MATERIAL FOR THE TASK:
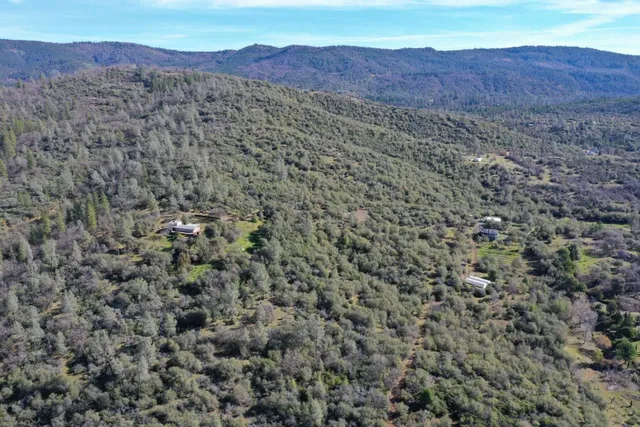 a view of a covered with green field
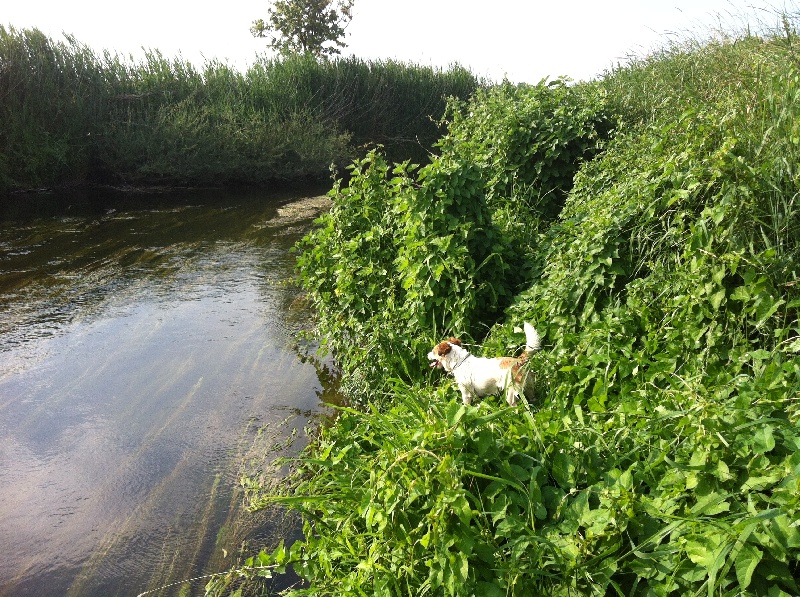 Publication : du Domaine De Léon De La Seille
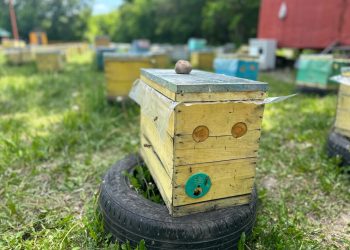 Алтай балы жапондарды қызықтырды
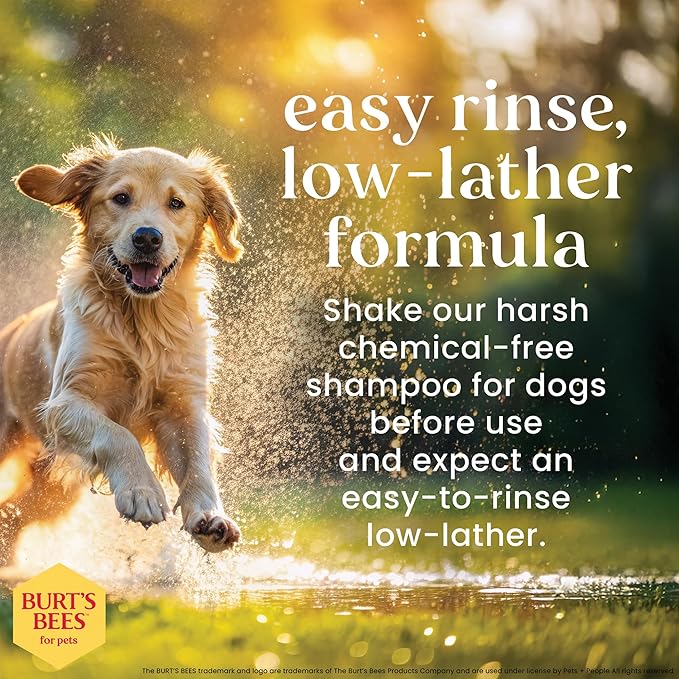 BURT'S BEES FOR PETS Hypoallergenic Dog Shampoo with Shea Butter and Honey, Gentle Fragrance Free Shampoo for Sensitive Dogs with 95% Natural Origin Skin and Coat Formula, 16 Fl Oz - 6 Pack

---

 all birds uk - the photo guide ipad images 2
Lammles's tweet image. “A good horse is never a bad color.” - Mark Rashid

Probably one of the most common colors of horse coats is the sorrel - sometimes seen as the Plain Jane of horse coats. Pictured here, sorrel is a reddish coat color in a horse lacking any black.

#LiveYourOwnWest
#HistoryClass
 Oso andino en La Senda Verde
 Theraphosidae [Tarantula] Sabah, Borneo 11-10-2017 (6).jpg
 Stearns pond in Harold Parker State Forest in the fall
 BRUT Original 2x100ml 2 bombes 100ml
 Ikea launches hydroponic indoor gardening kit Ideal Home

---

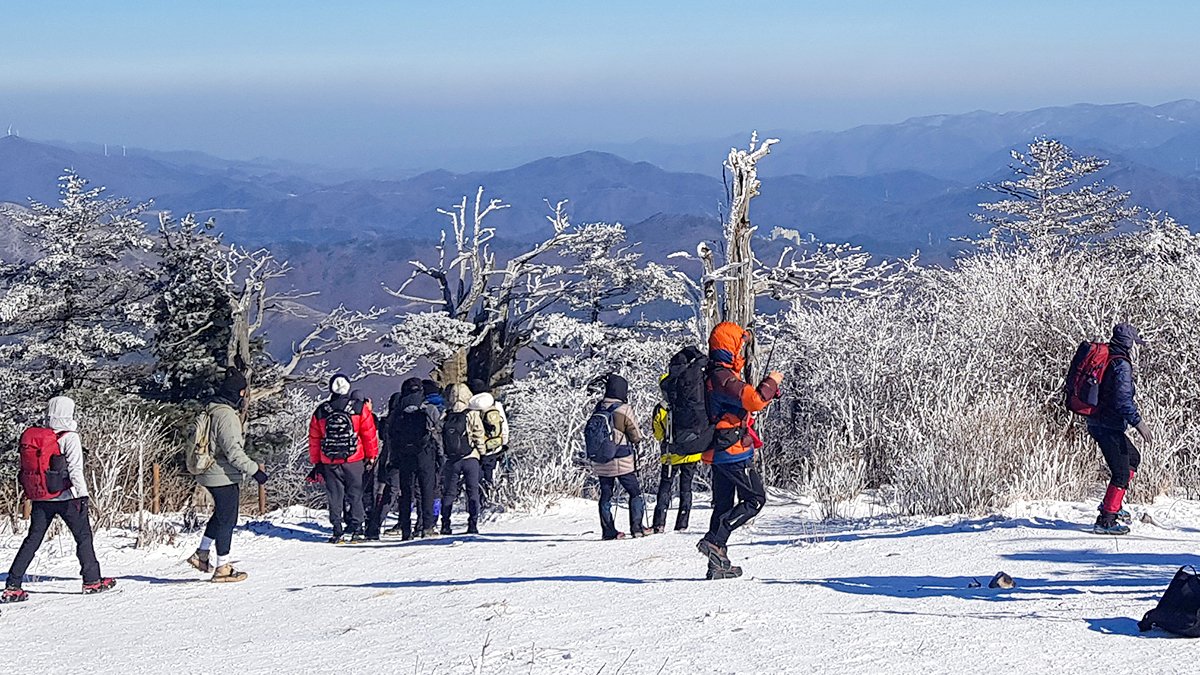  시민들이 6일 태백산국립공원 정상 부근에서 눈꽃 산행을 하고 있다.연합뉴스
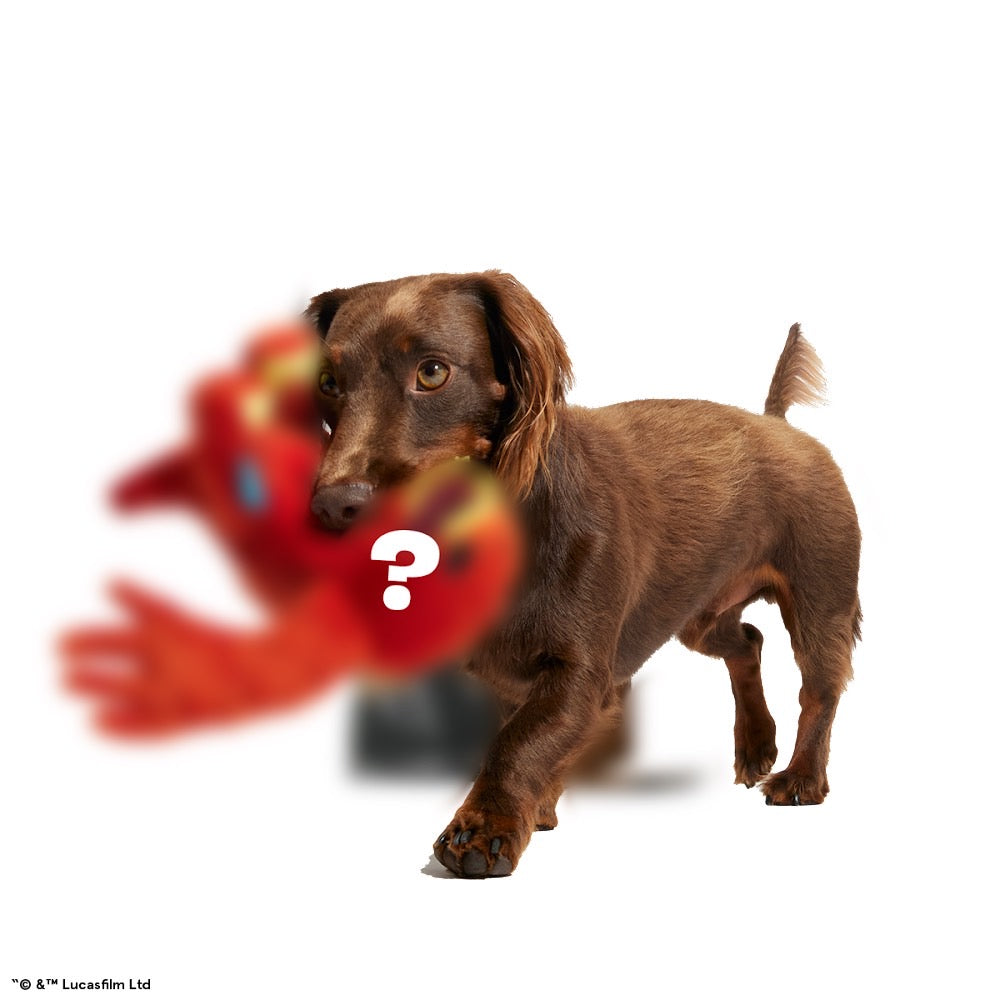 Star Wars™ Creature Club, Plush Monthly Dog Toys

TASK DIRECTIONS:
Of the entries above, repeat exactly the lines between the line with "Theraphosidae [Tarantula] Sabah, Borneo" and the line with "Ikea launches hydroponic", inclusive, and no others.

OUTPUT OF THE TASK:
 Theraphosidae [Tarantula] Sabah, Borneo 11-10-2017 (6).jpg
 Stearns pond in Harold Parker State Forest in the fall
 BRUT Original 2x100ml 2 bombes 100ml
 Ikea launches hydroponic indoor gardening kit Ideal Home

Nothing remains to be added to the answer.